## WORK ORDER
Leave out every picture, then transcribe the rest of the listing exactly.

## EXERCISE DATA
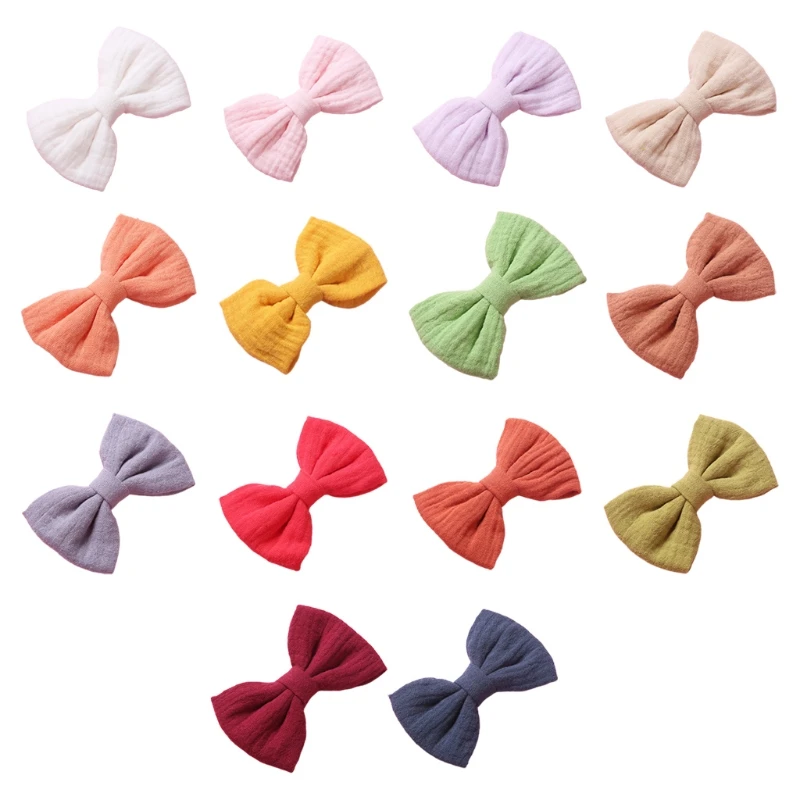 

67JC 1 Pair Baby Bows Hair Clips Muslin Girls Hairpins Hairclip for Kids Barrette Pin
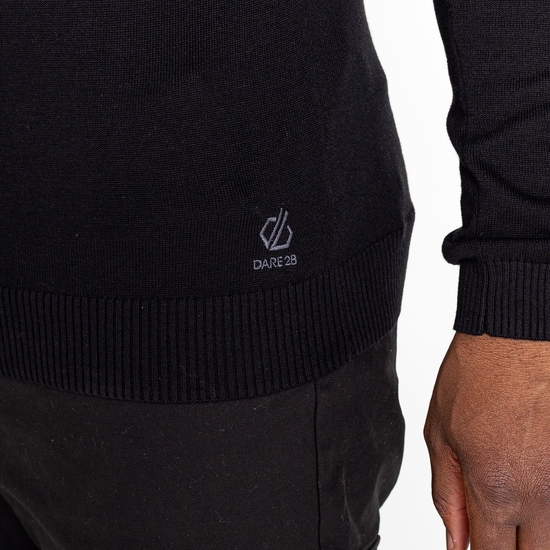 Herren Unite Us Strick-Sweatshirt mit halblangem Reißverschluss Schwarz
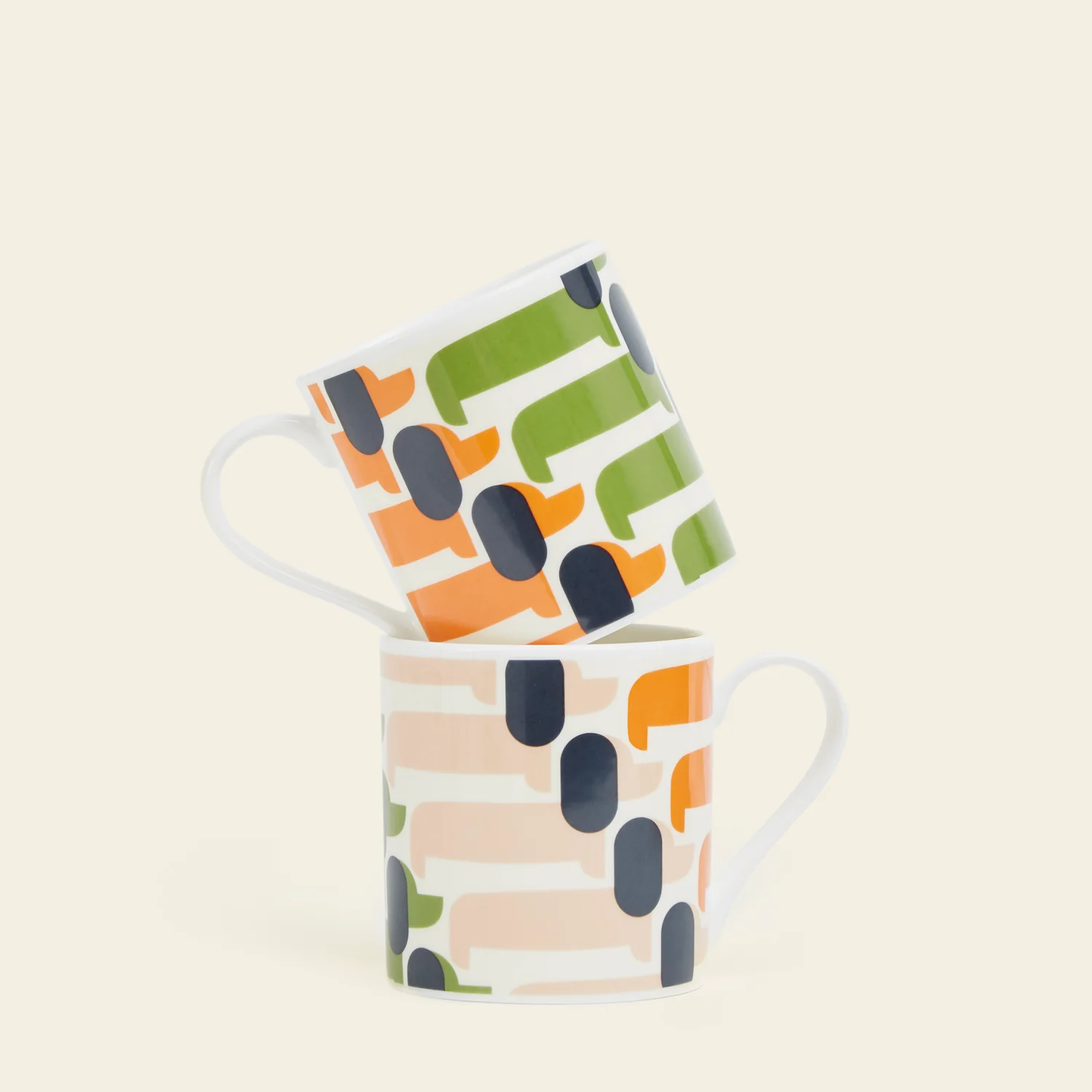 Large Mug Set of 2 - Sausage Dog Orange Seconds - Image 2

## SOLUTION BELOW
67JC 1 Pair Baby Bows Hair Clips Muslin Girls Hairpins Hairclip for Kids Barrette Pin
 Herren Unite Us Strick-Sweatshirt mit halblangem Reißverschluss Schwarz
 Large Mug Set of 2 - Sausage Dog Orange Seconds - Image 2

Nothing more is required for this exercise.